Caption-style text data:
Start of Block

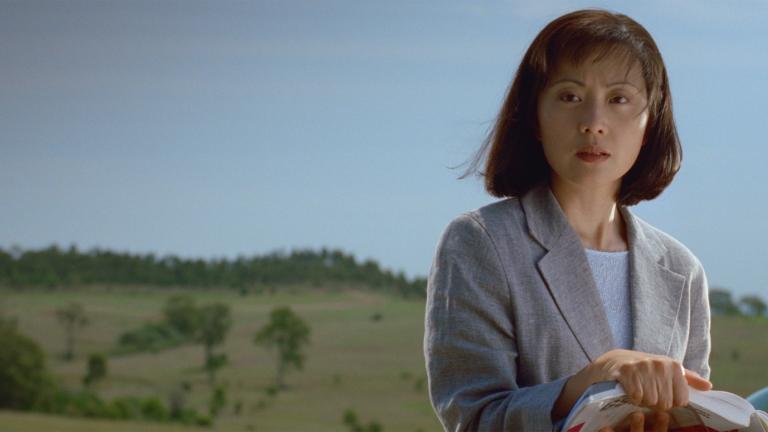 Still from NFSA Restores: Floating Life A young Asian woman dressed in a suit jacket pictured from the waist up in front of a green field and hills with trees in the background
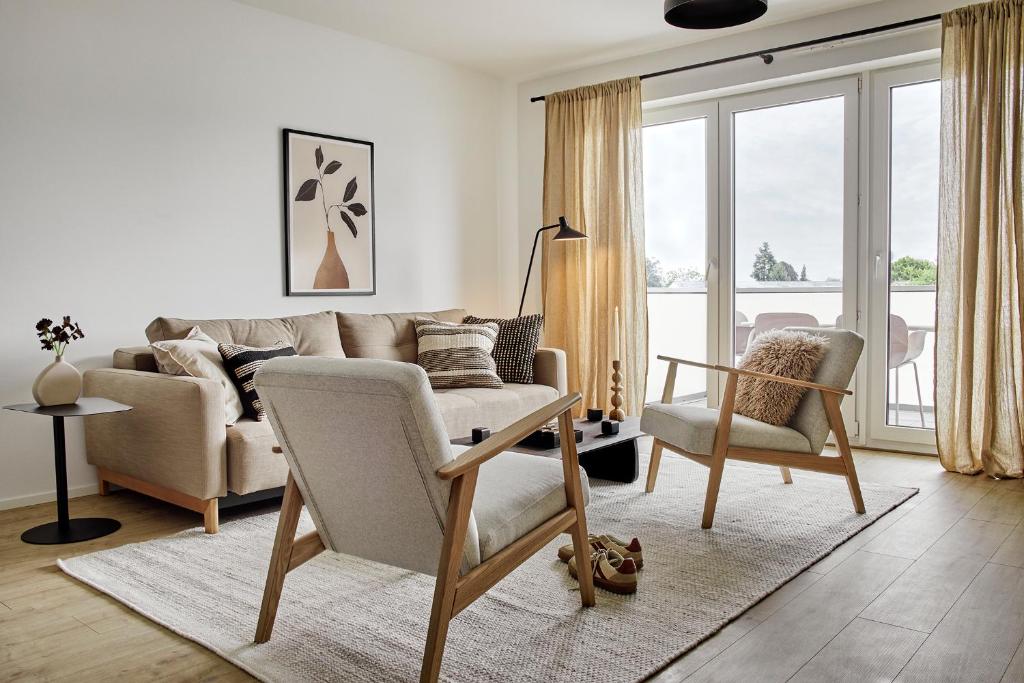 una sala de estar con un sofá y una silla en MATT - Apartments ' Design-Apartment mit Balkon, en Offenburg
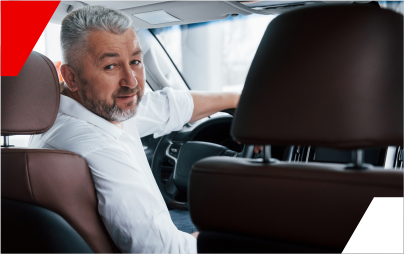 Um homem está sentado no banco do motorista de um carro.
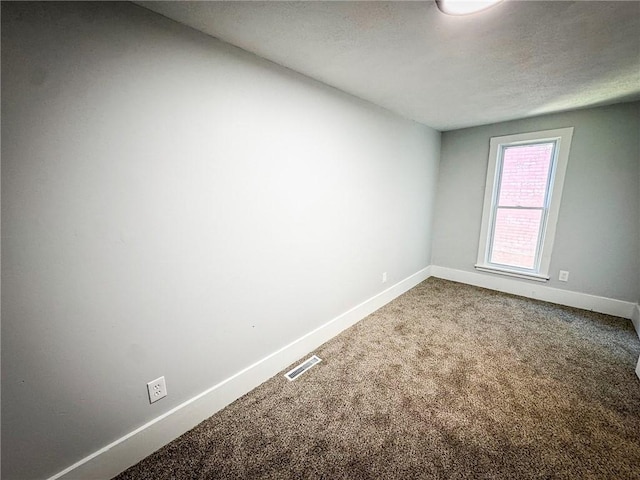 empty room featuring visible vents, baseboards, carpet floors, and a textured ceiling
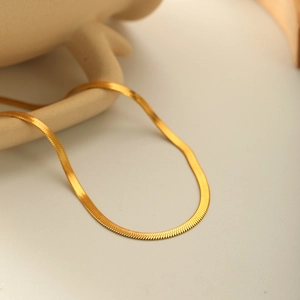 Elegant gold flat snake chain necklace presented against a minimalist ceramic background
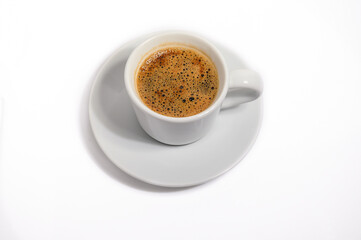 Cup of coffee on white background, top view, hot drink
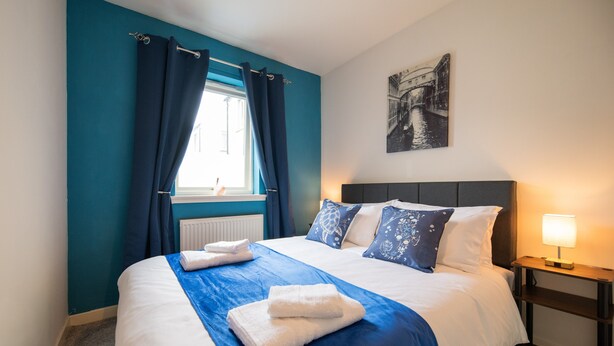 A neatly made bed with white and blue bedding, a window with blue curtains, a bedside table with a lamp, and a wall-mounted picture.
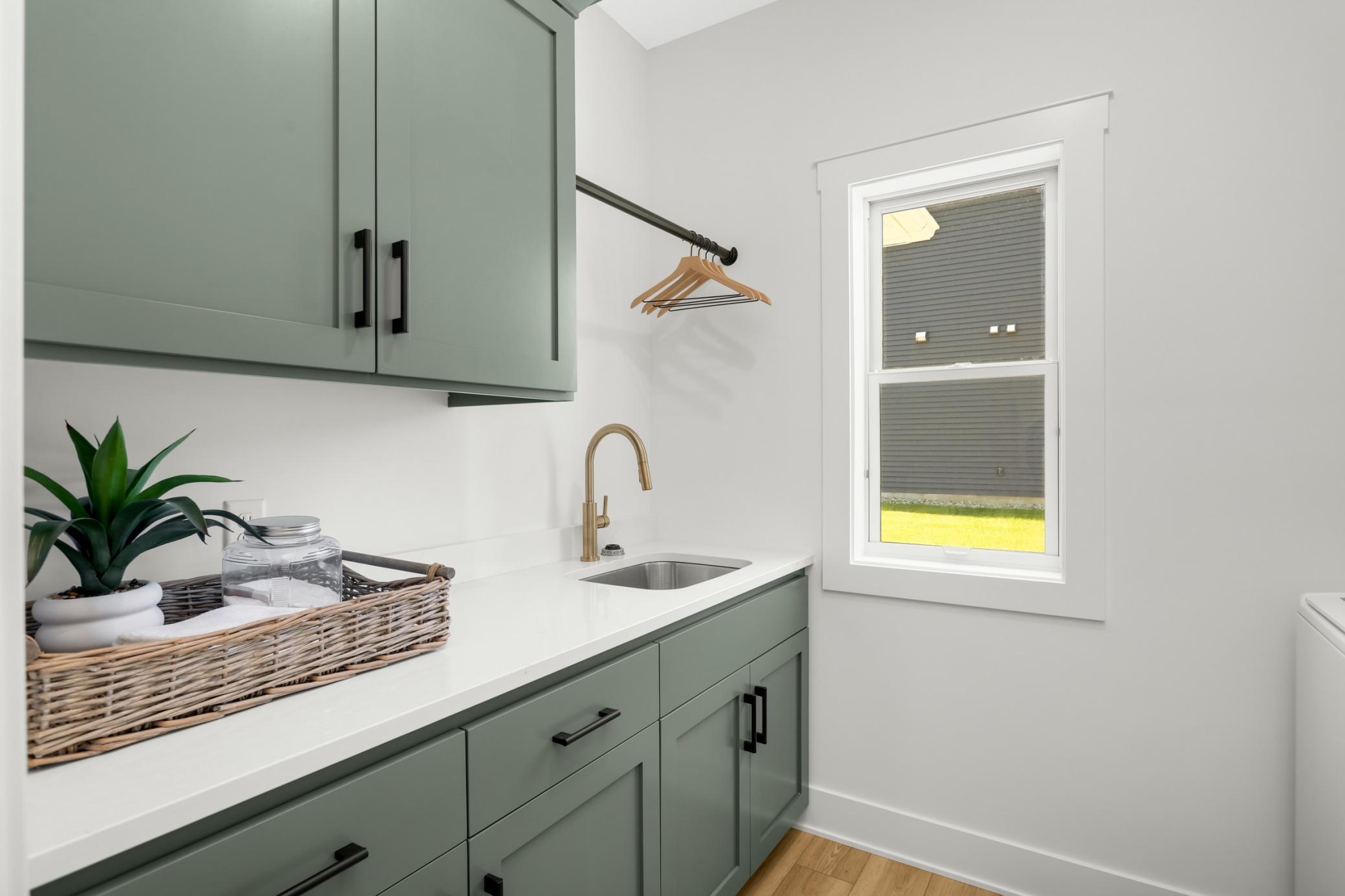 Main Level Laundry Room with sink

End of Block

[Exercise objective] "empty room featuring" marks the last line to keep. Retype every line from the start of the entries through that one, exactly, and drop the pictures.

[Your solution]
 Still from NFSA Restores: Floating Life A young Asian woman dressed in a suit jacket pictured from the waist up in front of a green field and hills with trees in the background
 una sala de estar con un sofá y una silla en MATT - Apartments ' Design-Apartment mit Balkon, en Offenburg
 Um homem está sentado no banco do motorista de um carro.
 empty room featuring visible vents, baseboards, carpet floors, and a textured ceiling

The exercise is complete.